* **TASK**:
Produce a verbatim copy of the data below that contains no pictures.

* **PROVIDED RECORDS**:
_ _ _ _ _

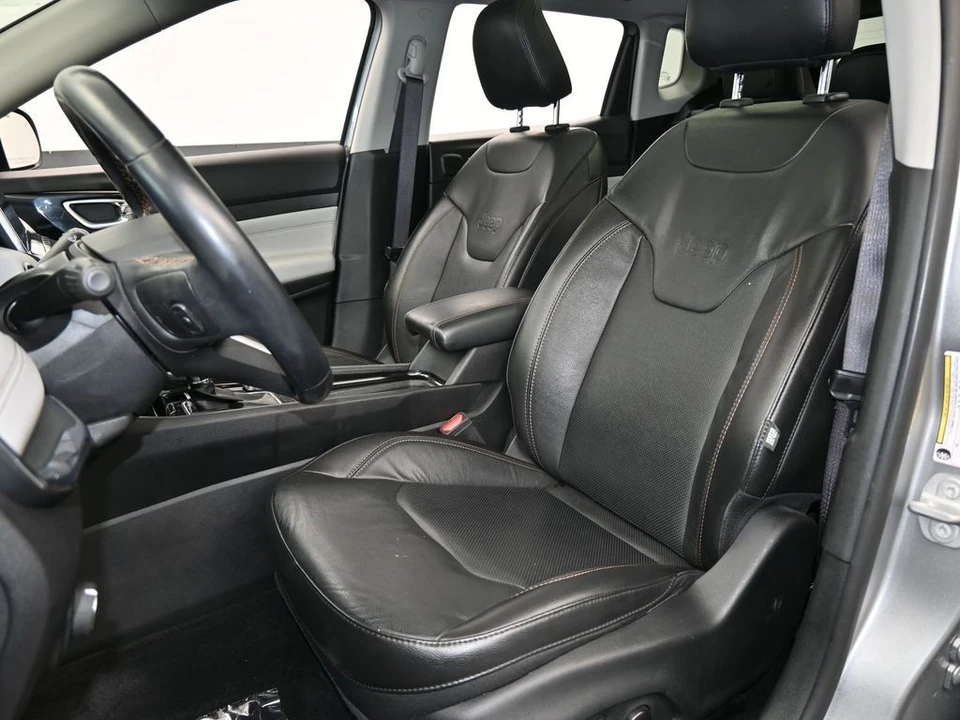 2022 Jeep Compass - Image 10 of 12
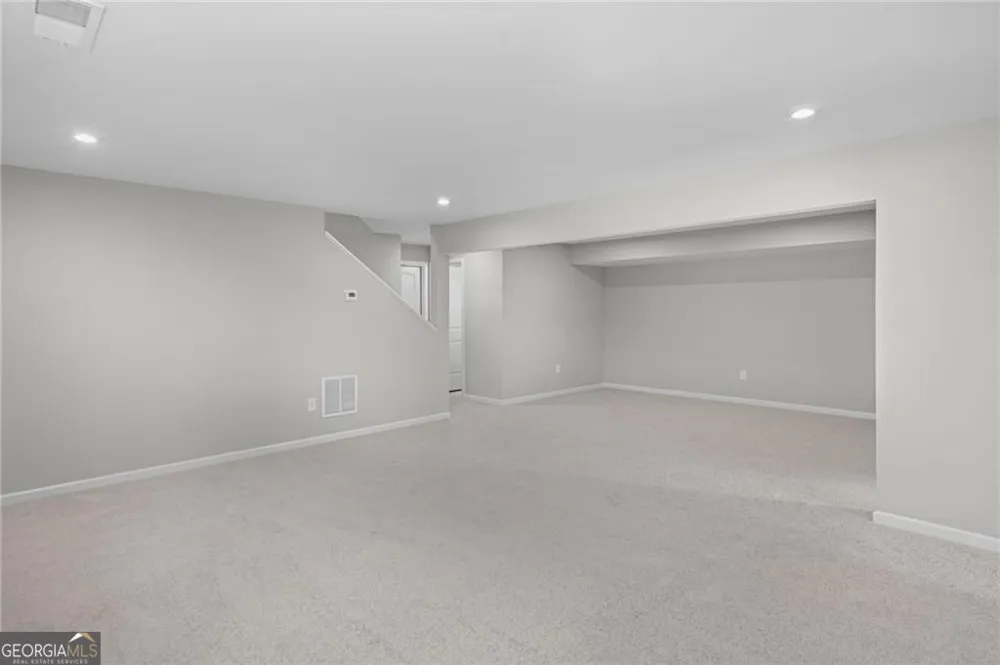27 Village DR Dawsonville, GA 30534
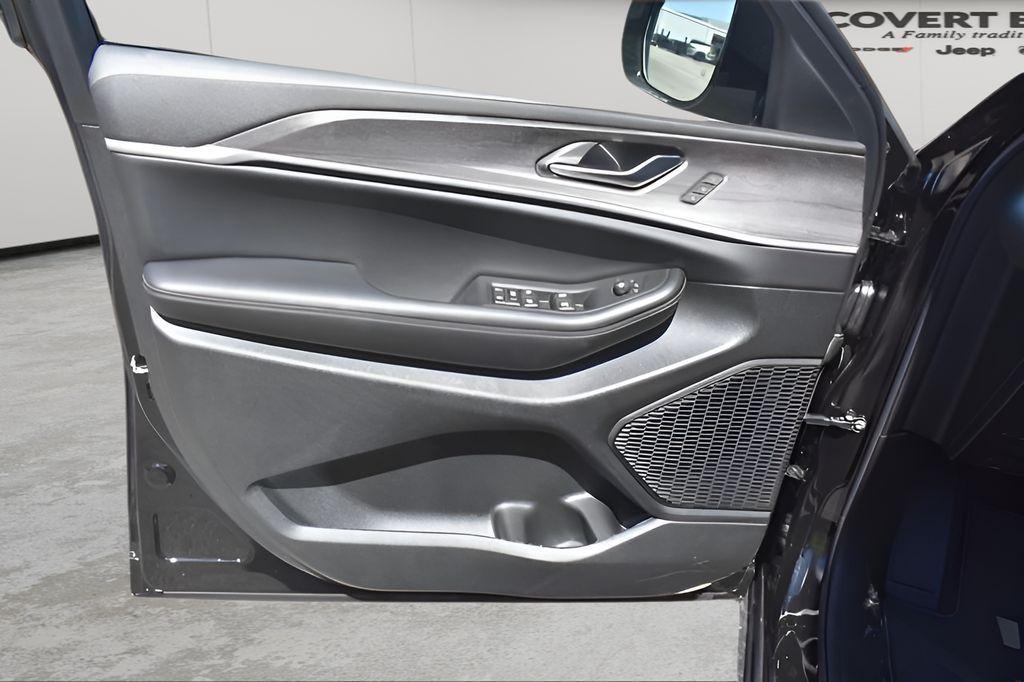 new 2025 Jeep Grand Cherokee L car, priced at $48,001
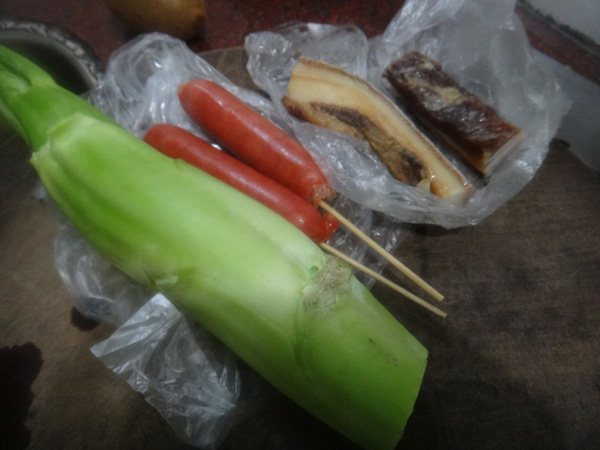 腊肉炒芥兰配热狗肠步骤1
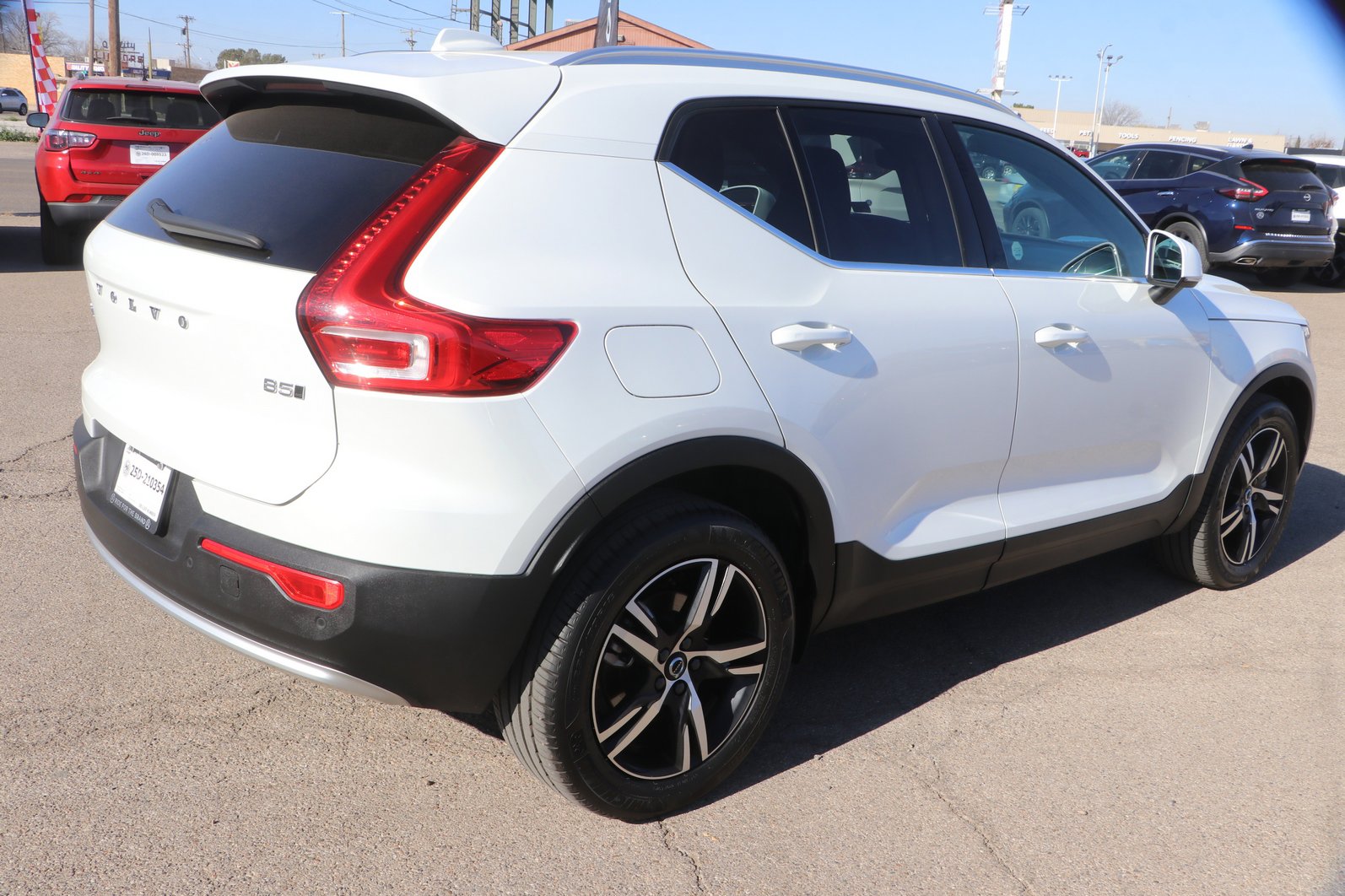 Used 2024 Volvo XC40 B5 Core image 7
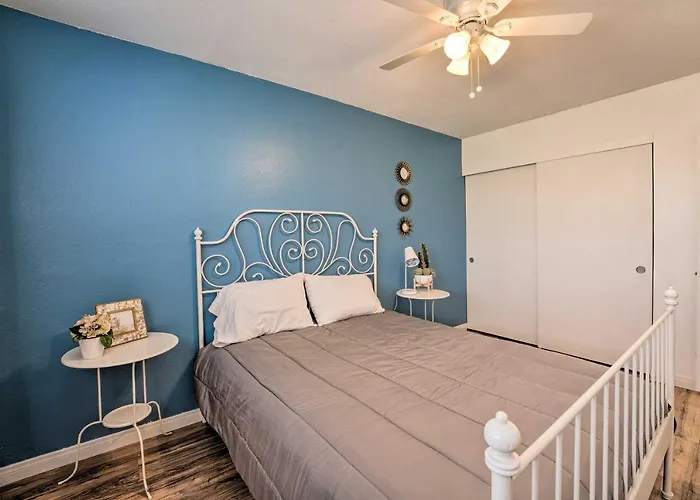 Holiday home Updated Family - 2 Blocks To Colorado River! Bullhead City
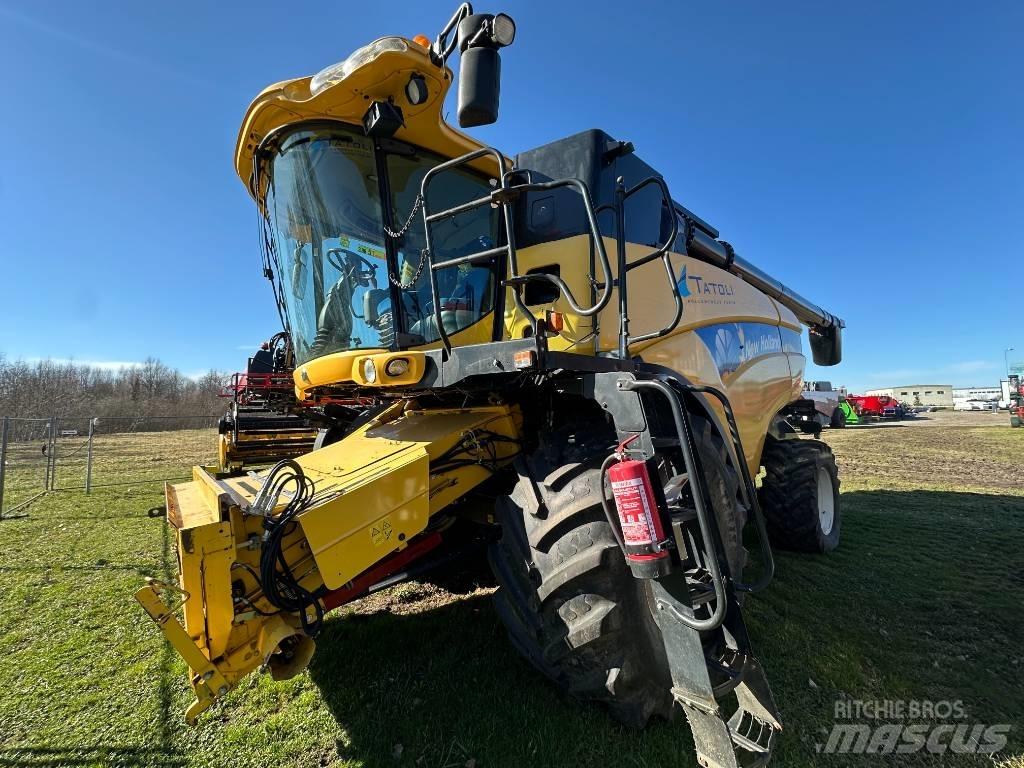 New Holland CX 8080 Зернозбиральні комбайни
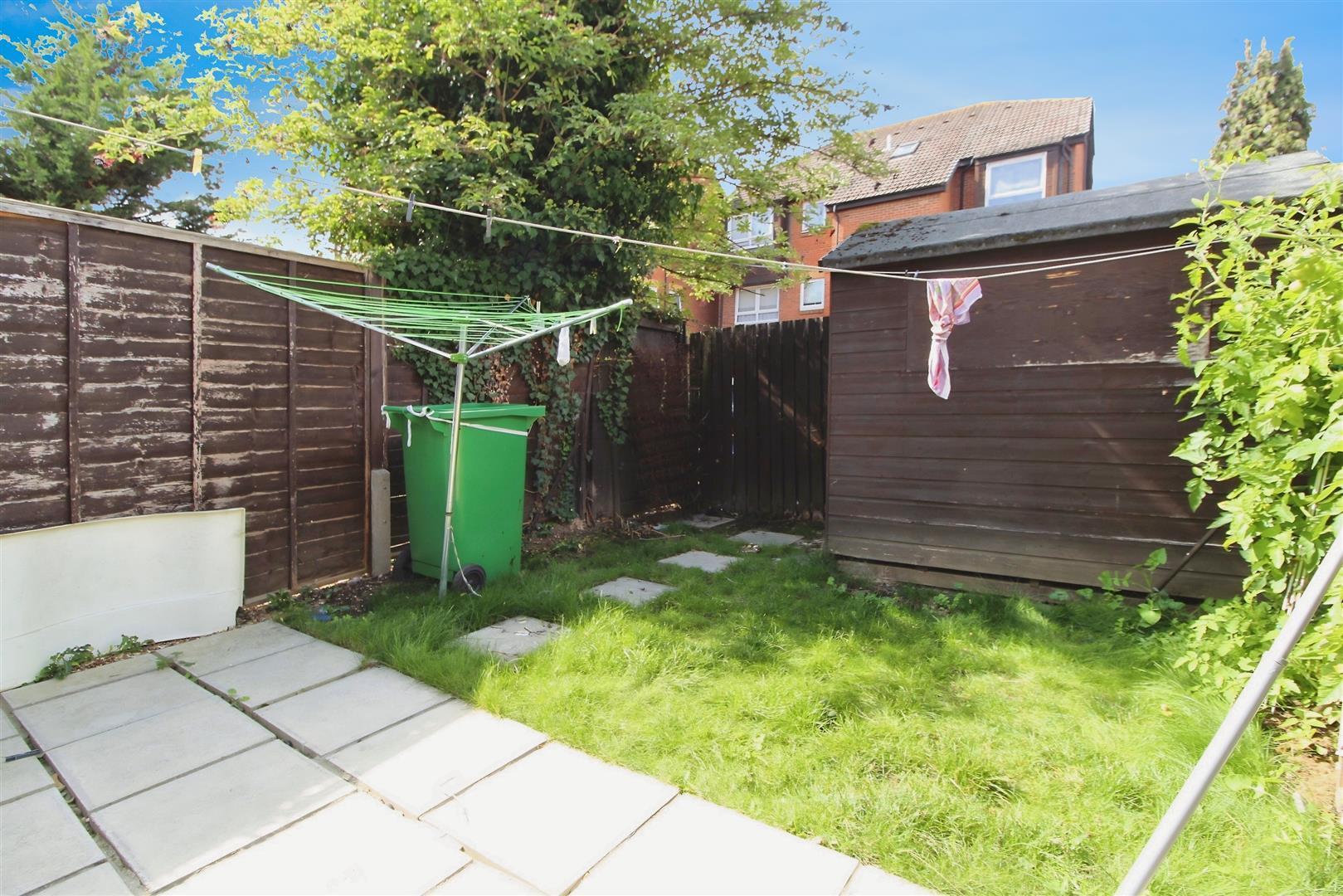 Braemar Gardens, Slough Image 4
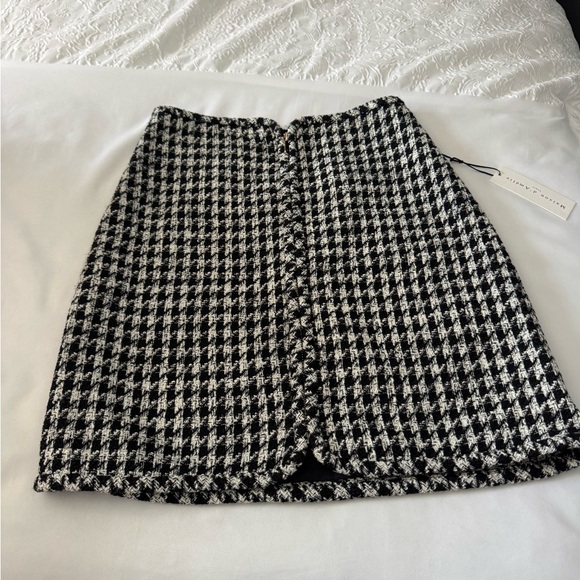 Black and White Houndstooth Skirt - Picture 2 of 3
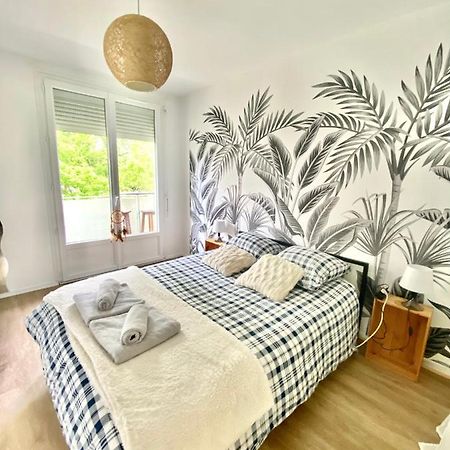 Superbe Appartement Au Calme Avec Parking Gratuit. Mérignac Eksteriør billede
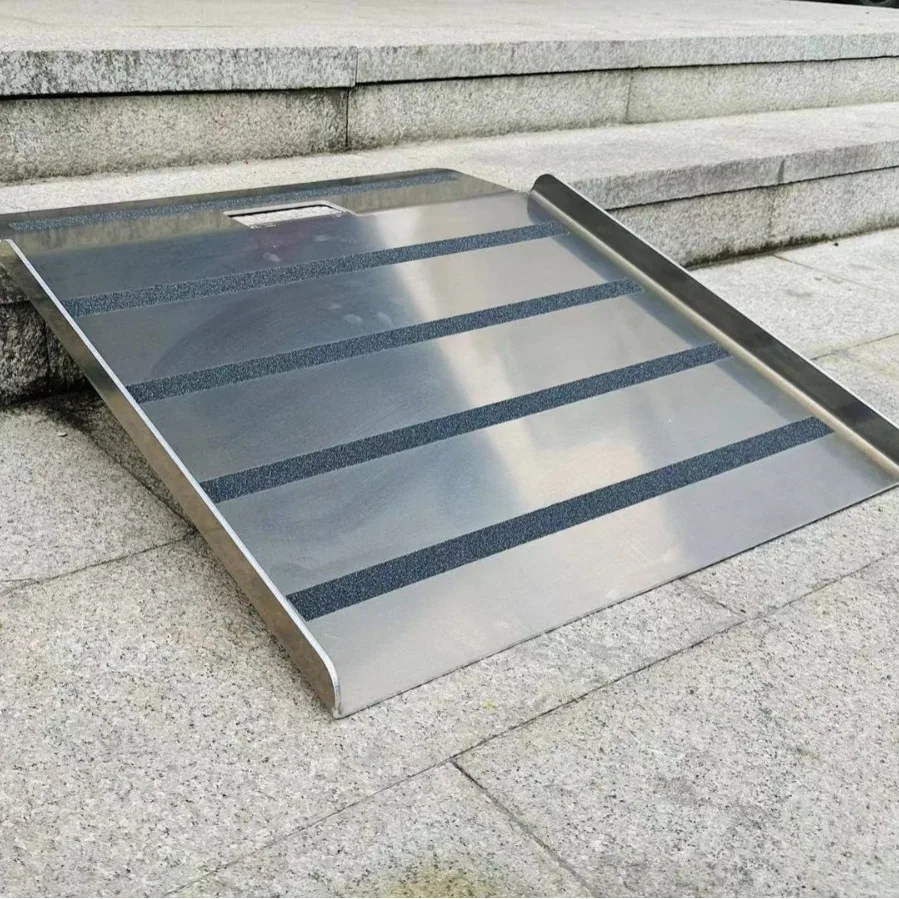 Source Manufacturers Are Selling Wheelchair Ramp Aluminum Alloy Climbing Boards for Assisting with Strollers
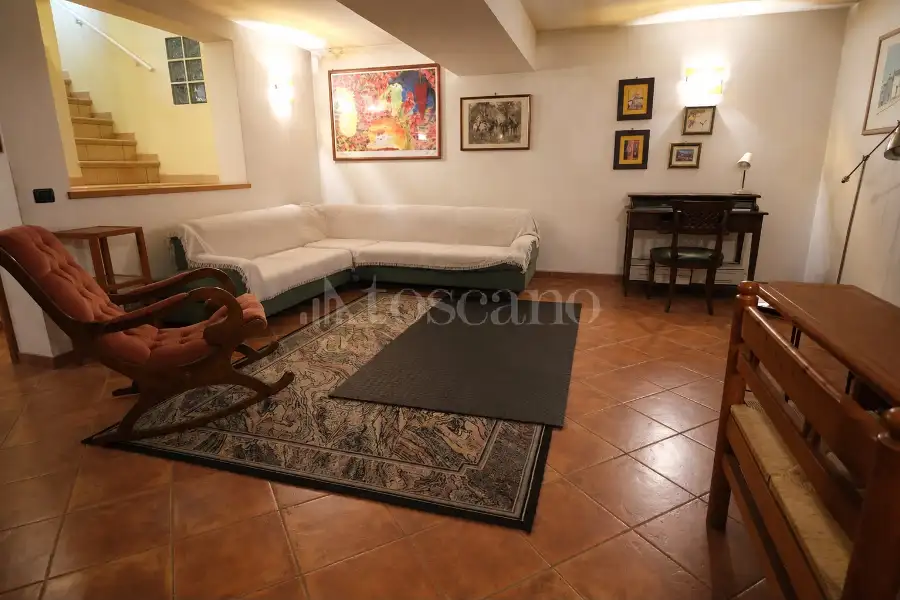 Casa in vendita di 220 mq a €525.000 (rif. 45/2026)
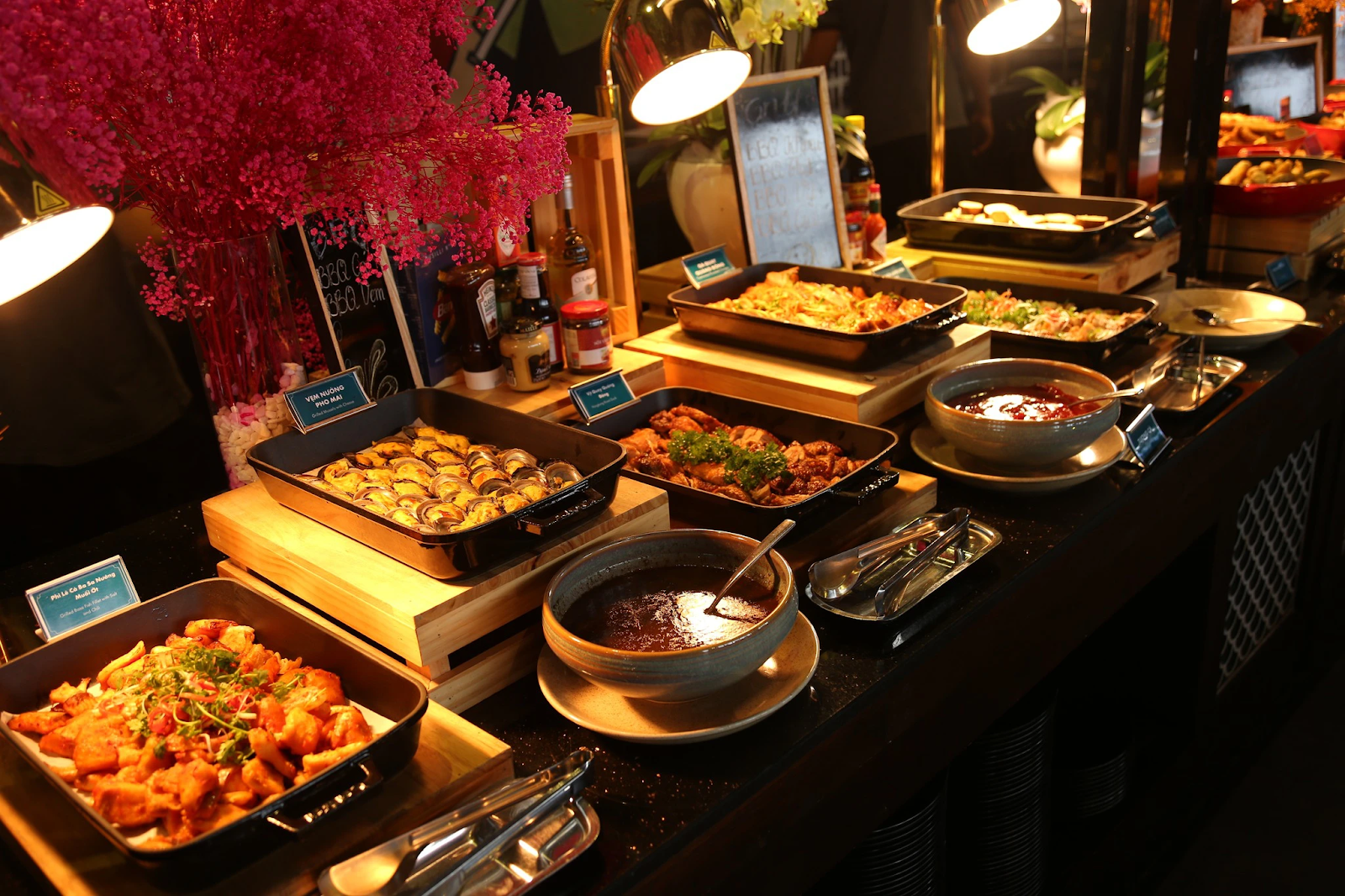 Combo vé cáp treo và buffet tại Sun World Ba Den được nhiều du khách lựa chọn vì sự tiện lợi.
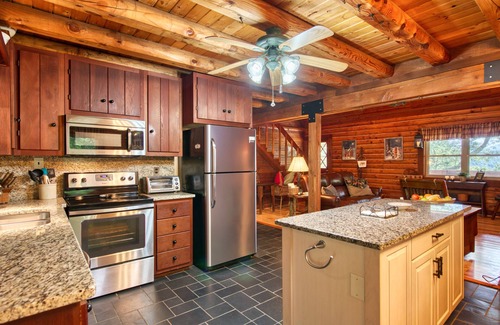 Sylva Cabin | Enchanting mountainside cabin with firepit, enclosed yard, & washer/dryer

_ _ _ _ _

* **TASK SOLUTION**:
 2022 Jeep Compass - Image 10 of 12
27 Village DR Dawsonville, GA 30534
 new 2025 Jeep Grand Cherokee L car, priced at $48,001
 腊肉炒芥兰配热狗肠步骤1
 Used 2024 Volvo XC40 B5 Core image 7
 Holiday home Updated Family - 2 Blocks To Colorado River! Bullhead City
 New Holland CX 8080 Зернозбиральні комбайни
 Braemar Gardens, Slough Image 4
 Black and White Houndstooth Skirt - Picture 2 of 3
 Superbe Appartement Au Calme Avec Parking Gratuit. Mérignac Eksteriør billede
 Source Manufacturers Are Selling Wheelchair Ramp Aluminum Alloy Climbing Boards for Assisting with Strollers
 Casa in vendita di 220 mq a €525.000 (rif. 45/2026)
 Combo vé cáp treo và buffet tại Sun World Ba Den được nhiều du khách lựa chọn vì sự tiện lợi.
 Sylva Cabin | Enchanting mountainside cabin with firepit, enclosed yard, & washer/dryer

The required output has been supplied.